WORK ORDER
Output only the lines from the start of the entries through the line holding "1871-1879, p. 165". Each line must match the original exactly.

Items from a dataset
● ● ● ● ●
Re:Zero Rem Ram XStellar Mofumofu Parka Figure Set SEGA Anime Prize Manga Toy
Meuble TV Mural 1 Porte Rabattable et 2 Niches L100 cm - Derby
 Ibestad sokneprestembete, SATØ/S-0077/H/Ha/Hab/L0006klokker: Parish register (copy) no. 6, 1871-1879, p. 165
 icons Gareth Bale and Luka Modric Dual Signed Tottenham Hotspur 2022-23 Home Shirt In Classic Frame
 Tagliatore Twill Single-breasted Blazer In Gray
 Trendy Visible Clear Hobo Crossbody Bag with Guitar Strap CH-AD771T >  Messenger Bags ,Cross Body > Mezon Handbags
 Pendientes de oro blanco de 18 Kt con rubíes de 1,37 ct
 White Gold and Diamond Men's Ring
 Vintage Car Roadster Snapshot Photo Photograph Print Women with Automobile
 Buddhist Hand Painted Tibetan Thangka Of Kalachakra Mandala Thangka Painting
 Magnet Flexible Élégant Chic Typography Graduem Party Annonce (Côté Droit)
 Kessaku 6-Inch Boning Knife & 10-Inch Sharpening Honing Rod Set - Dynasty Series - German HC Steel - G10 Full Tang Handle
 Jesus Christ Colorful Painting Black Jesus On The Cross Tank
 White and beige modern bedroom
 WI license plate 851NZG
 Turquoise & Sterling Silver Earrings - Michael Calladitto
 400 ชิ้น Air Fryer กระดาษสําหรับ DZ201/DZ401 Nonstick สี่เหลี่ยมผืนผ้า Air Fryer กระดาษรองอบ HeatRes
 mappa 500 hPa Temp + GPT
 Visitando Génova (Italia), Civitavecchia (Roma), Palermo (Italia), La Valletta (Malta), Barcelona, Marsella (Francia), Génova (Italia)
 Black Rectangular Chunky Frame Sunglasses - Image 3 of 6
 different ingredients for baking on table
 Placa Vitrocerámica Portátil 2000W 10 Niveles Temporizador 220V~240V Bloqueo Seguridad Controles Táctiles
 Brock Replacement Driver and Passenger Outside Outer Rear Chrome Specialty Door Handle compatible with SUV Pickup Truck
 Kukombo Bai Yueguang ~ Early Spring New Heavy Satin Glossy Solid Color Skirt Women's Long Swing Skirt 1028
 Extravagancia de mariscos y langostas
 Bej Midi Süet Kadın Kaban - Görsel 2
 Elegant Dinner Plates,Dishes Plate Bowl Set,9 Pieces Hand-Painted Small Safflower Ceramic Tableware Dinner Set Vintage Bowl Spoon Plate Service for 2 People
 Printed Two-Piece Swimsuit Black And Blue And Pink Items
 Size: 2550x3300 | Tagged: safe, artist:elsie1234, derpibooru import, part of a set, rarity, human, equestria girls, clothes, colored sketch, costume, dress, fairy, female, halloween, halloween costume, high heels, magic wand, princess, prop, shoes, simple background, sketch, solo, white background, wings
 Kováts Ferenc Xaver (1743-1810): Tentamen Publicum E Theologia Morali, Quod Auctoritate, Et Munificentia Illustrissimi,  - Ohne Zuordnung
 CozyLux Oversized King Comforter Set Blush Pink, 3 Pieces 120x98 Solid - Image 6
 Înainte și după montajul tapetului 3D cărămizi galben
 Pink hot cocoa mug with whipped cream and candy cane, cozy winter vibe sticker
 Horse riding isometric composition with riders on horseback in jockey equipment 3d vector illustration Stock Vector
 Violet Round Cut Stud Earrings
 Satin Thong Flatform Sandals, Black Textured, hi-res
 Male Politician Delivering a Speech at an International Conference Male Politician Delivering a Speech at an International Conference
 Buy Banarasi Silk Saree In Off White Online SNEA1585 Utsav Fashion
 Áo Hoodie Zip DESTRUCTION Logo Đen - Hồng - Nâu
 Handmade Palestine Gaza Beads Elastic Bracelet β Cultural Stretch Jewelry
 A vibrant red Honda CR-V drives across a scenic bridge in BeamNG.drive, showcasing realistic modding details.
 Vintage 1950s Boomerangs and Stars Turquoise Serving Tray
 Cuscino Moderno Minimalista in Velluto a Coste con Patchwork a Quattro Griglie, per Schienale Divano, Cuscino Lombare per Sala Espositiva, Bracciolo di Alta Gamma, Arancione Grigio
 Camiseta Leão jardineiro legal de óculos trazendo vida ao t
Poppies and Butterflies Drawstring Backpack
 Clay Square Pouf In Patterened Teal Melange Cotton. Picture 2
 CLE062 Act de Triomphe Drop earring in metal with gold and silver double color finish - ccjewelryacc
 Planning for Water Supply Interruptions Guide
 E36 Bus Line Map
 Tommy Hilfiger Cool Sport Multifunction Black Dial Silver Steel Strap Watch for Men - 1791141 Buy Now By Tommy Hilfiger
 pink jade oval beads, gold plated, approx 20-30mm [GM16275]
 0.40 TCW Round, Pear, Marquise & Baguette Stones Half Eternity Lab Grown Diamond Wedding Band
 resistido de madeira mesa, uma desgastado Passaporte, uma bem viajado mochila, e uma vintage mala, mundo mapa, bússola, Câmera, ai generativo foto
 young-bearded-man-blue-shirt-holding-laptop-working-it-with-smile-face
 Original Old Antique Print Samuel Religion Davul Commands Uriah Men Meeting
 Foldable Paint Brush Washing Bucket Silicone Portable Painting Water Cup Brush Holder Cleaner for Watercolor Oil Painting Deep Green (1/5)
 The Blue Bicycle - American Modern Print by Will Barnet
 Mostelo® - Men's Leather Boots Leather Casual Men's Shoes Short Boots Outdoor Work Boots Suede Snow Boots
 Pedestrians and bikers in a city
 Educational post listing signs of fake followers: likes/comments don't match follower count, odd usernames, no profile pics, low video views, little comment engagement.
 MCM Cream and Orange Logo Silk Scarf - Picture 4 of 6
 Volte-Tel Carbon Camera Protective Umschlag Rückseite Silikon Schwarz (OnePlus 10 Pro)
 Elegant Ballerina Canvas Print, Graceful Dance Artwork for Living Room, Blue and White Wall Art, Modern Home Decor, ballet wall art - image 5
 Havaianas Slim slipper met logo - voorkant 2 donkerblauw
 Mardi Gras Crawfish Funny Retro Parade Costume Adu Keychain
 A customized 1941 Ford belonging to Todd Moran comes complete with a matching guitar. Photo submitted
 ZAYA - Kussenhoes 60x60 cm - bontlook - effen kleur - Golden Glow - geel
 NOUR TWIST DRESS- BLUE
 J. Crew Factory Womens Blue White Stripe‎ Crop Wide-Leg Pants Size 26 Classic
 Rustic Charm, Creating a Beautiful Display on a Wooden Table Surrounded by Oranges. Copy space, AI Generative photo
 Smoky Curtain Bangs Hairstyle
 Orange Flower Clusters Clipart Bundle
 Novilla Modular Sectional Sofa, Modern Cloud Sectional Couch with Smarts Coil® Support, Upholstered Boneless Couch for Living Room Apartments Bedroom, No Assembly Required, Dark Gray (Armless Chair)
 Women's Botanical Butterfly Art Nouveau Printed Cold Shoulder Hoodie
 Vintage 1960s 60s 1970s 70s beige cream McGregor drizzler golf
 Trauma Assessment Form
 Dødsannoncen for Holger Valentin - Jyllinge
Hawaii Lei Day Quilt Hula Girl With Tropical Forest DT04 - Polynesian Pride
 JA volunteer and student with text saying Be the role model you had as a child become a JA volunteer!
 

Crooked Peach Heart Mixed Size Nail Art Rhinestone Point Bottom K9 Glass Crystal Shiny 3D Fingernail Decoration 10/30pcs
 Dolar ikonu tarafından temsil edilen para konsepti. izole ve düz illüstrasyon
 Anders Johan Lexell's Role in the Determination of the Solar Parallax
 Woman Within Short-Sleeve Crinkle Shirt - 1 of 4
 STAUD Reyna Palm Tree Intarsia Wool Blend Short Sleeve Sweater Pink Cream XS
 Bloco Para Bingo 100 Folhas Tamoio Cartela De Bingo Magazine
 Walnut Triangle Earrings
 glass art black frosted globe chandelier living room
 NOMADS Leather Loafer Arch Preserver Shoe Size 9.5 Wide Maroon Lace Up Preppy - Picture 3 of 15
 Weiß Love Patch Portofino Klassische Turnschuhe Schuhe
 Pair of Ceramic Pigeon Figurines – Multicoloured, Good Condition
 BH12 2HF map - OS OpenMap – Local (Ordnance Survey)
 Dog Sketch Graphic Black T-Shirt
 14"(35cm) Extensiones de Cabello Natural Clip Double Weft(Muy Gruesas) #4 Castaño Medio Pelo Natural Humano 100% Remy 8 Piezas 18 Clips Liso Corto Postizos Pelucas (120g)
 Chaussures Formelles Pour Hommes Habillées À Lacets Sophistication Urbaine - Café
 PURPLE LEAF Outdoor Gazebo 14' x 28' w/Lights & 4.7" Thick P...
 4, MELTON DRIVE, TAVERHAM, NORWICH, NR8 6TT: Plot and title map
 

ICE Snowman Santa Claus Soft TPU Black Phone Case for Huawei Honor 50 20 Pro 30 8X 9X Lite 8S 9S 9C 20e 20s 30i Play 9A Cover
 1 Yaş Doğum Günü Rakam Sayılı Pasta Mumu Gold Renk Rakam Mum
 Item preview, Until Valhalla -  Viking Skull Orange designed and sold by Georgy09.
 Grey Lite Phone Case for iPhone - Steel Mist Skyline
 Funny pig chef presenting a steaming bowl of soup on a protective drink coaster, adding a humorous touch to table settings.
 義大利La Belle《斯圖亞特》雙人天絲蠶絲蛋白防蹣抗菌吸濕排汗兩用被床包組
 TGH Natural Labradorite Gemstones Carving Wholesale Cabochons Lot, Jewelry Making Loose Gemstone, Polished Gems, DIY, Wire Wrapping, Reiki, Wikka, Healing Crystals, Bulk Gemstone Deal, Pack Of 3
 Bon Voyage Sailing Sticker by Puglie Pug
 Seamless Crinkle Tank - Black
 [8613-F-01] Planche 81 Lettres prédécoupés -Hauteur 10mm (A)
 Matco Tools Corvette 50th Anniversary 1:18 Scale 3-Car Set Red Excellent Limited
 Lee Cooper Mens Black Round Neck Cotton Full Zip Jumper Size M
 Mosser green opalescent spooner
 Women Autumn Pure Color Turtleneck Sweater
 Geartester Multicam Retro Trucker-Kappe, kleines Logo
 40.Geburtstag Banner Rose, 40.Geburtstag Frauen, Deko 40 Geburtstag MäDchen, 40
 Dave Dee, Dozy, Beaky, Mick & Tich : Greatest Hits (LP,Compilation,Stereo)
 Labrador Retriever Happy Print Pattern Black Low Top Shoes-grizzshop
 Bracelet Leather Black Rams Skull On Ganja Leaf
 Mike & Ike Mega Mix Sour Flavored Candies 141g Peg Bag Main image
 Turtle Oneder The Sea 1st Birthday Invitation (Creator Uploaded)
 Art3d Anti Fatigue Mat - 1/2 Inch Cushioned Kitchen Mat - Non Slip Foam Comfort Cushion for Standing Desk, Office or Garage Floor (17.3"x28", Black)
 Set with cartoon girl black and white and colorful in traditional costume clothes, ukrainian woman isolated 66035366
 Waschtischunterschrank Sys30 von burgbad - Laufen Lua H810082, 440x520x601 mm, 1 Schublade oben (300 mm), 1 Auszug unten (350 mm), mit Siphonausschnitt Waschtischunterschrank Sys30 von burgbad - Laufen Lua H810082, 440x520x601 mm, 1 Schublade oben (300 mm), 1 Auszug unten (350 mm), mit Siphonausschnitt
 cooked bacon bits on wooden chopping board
● ● ● ● ●
ANSWER SPACE
Re:Zero Rem Ram XStellar Mofumofu Parka Figure Set SEGA Anime Prize Manga Toy
Meuble TV Mural 1 Porte Rabattable et 2 Niches L100 cm - Derby
 Ibestad sokneprestembete, SATØ/S-0077/H/Ha/Hab/L0006klokker: Parish register (copy) no. 6, 1871-1879, p. 165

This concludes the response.